A Natural History of Seeing

Author: Simon Ings

Publisher: W. W. Norton & Company

Published: 2008

Total Pages: 362

ISBN-13: 9780393067194

DOWNLOAD EBOOK

Ings' work delves into both the evolution of sight and the evolution of the human understanding of sight. The book presents the natural science, while also addressing the history, philosophy, and mythology of how and why people see the way they do. Illustrations throughout.


The Eye

The Eye

Author: Simon Ings

Publisher: Bloomsbury Publishing PLC

Published: 2007

Total Pages: 360

ISBN-13:

DOWNLOAD EBOOK

We spend about one-tenth of our waking hours completely blind. Only one percent of what we see is in focus at any one time. We exist in a world we see that's always about half a second behind the real one. In fact you don't need eyes to see - blind volunteers have been taught to see through their chests. Wasps can't see, but map their surroundings instead. If we are stared at, our heartbeat rises and our galvanic skin response alters. How many generations did it take for the first fish to acquire eyes? Answer is 400,000. Why do humans have whites to their eyes when other species don't? Could it be that thinking arose as an evolutionary response to seeing? Without eyes, would minds exist at all? Be prepared to have your eyes opened! Using a spellbinding mix of scientific research, mathematics, philosophy, history, neuroscience, anecdote and language theory, in The Eye, Simon Ings unravels brilliantly the never-ending puzzle of how and why we see in the way that we do. From looking at the work of a huge range of theorists and scientists, to myths and personal experiences, and with the help of a beguiling mix of illustrated visual conundrums and enigmas, Ings triumphs with a compelling dissection of the age-old mysteries of the eye that's both seriously interesting and interestingly fun. He tells the eye's whole story for the very first time, fusing eye and sight into a single story - this is popular science of the highest order.
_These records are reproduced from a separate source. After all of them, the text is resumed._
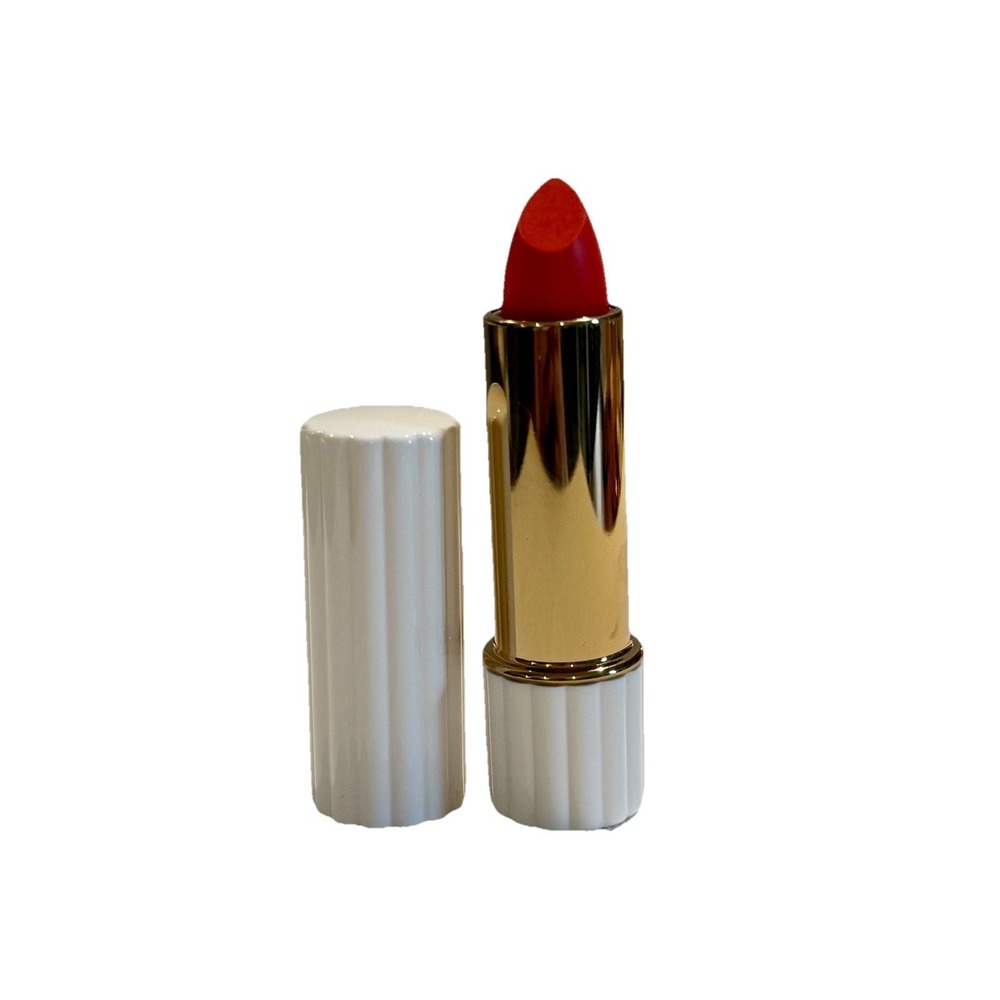 Vintage Estée Lauder All Day Lipstick Mango Orange Coral Promo New Old Stock NOS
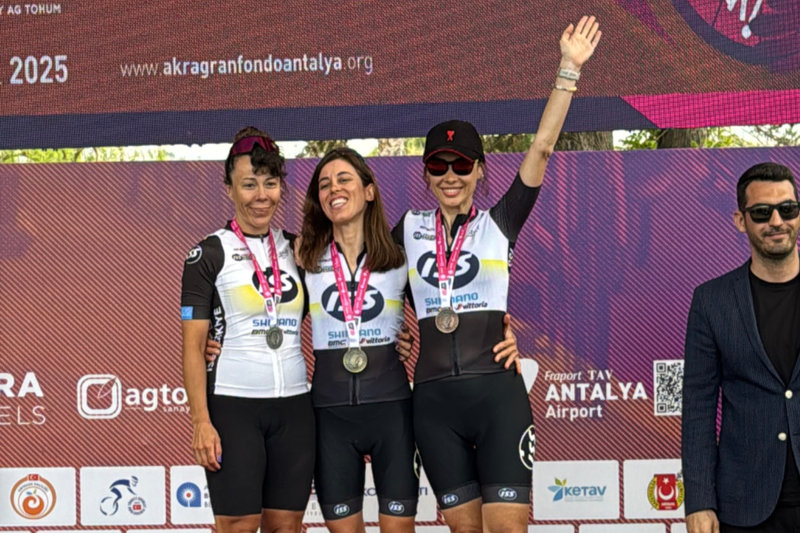 AKRA GranFondo Antalya’da ISS Rüzgarı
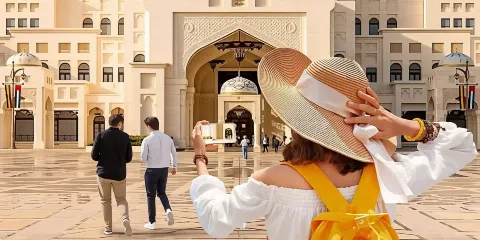 阿布扎比阿拉丁探險之旅【旅行團】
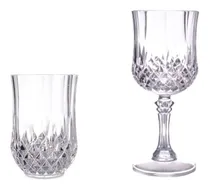 Comprar Set Copas X 12 Y Vasos X 12 En Poliestireno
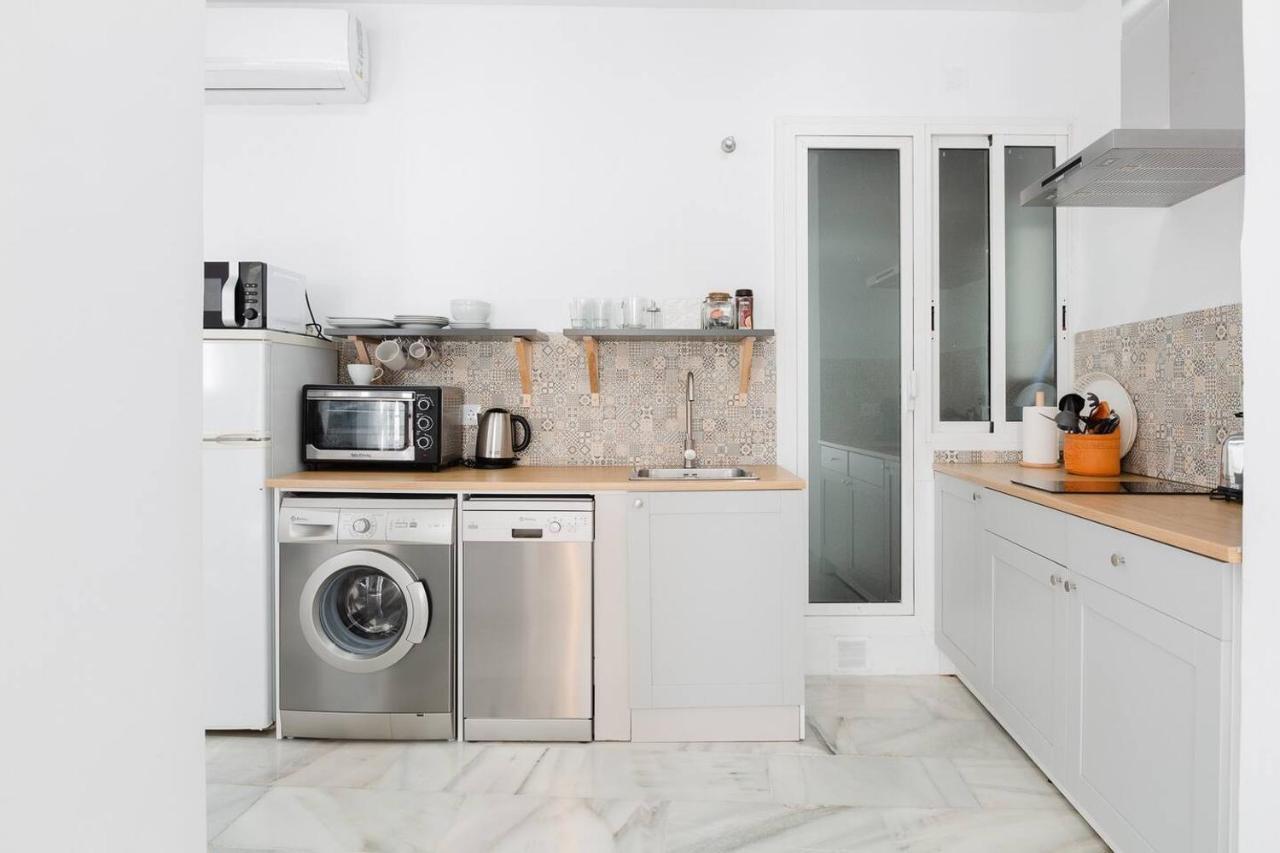 Loft En Primera Linea Del Paseo Maritimo Málaga Exteriör bild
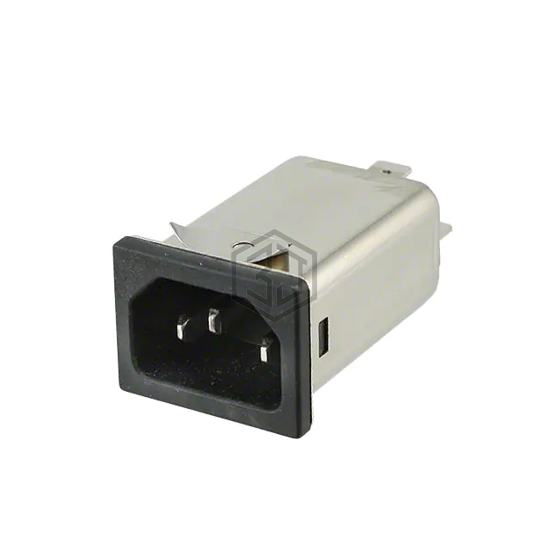 03GENG3E - Delta Electronics - Power Entry Connectors - Inlets, Outlets, Modules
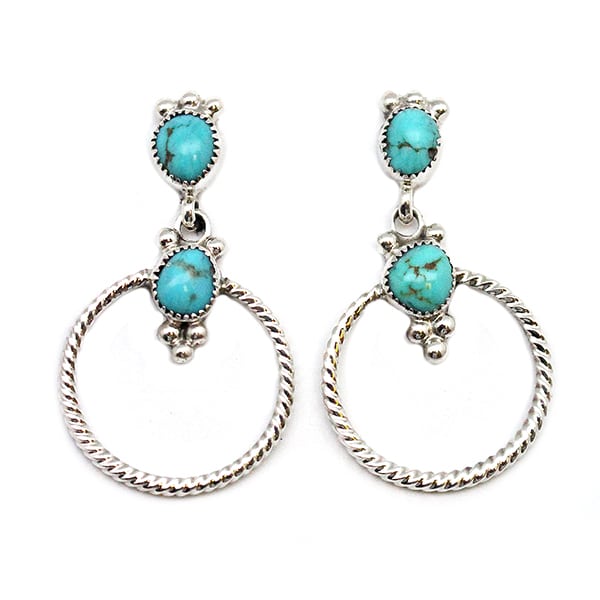 Turquoise Earring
A Natural History of Vision

A Natural History of Vision

Author: Nicholas J. Wade

Publisher: MIT Press

Published: 2000-01-31

Total Pages: 492

ISBN-13: 9780262731294

DOWNLOAD EBOOK

This illustrated survey covers what Nicholas Wade calls the "observational era of vision," beginning with the Greek philosophers and ending with Wheatstone's description of the stereoscope in the late 1830s.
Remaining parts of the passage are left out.